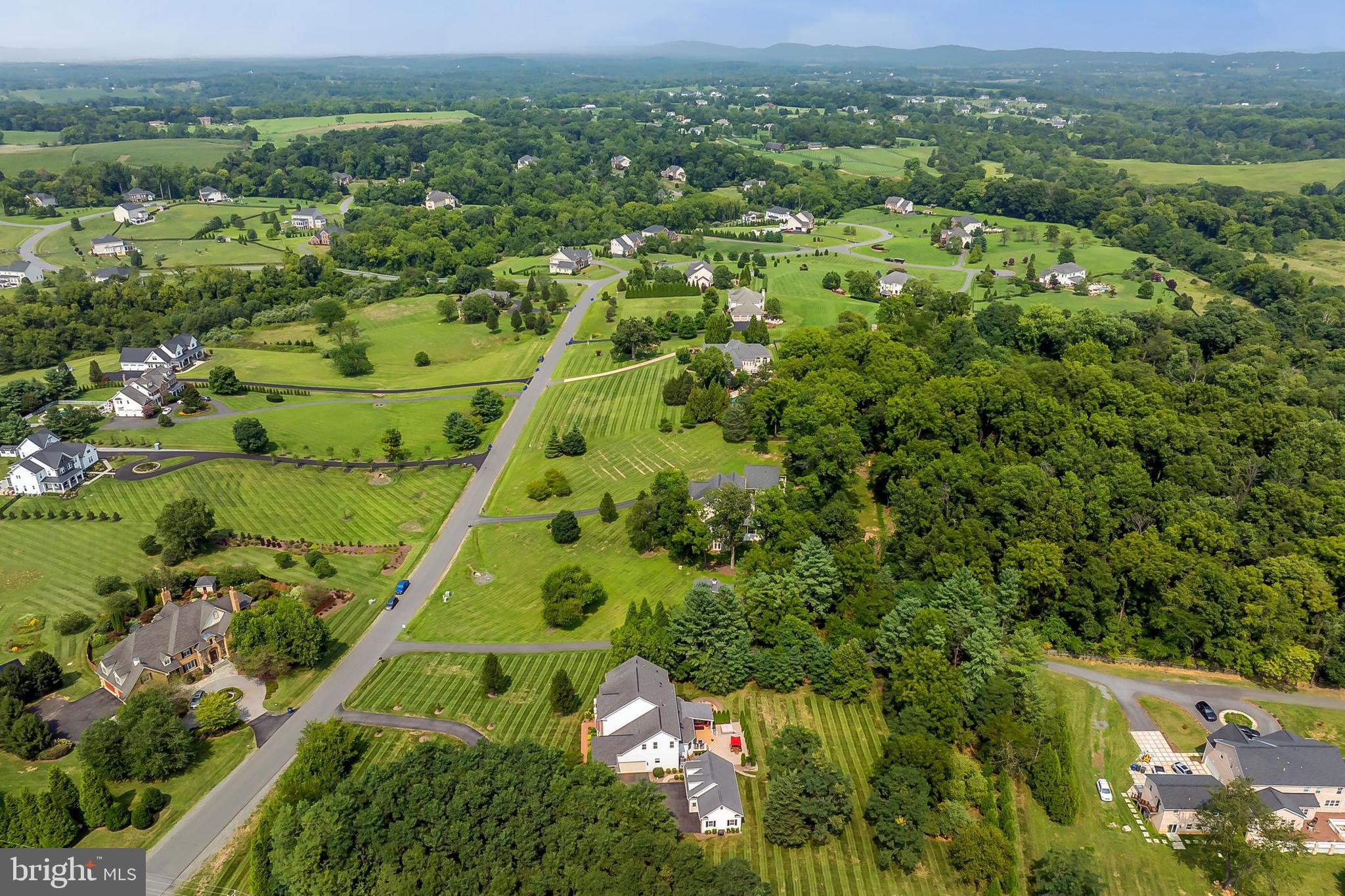 WATERFORD CREEK - Residential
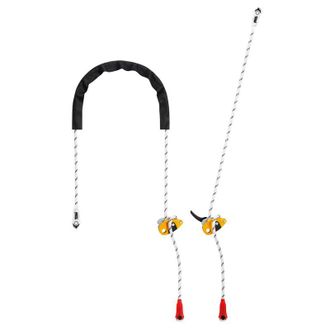 Petzl Eslinga De Posicionamiento De Trabajo Ajustable Petzl 2m - L052aa00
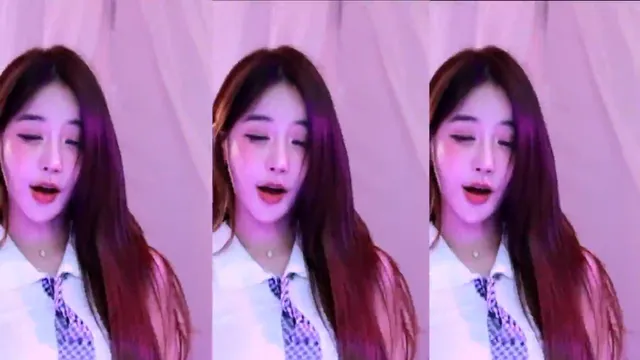 图片[1] - [Korean BJ] sol3712 2026-05-07 - KBJFan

━━━━━━━━

* WORK TO COMPLETE *
An exact copy of the listing is needed, minus its pictures.

* RESULT OF THIS TASK *
 WATERFORD CREEK - Residential
 Petzl Eslinga De Posicionamiento De Trabajo Ajustable Petzl 2m - L052aa00
 图片[1] - [Korean BJ] sol3712 2026-05-07 - KBJFan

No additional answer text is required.